# Supplied information
┌────────

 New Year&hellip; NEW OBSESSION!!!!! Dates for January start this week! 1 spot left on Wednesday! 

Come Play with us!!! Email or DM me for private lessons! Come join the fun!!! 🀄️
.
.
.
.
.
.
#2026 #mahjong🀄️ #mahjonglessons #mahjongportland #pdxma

└────────
┌────────

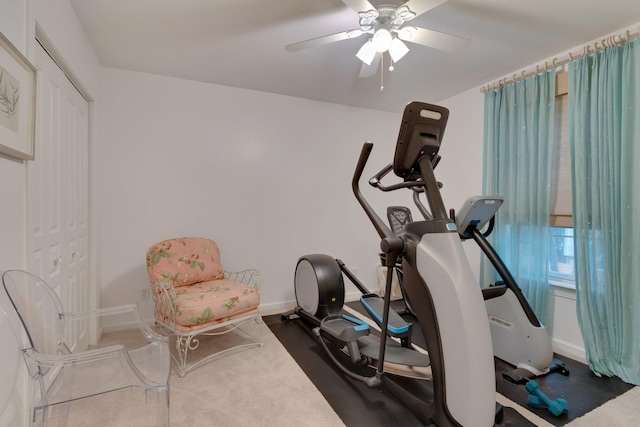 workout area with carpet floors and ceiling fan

└────────

# Task description
Would you please repeat exactly the lines above, starting at the line with "New Year&hellip; NEW" and stopping at the line with "#2026 #mahjong🀄️ #mahjonglessons", both included?

# Reply
 New Year&hellip; NEW OBSESSION!!!!! Dates for January start this week! 1 spot left on Wednesday! 

Come Play with us!!! Email or DM me for private lessons! Come join the fun!!! 🀄️
.
.
.
.
.
.
#2026 #mahjong🀄️ #mahjonglessons #mahjongportland #pdxma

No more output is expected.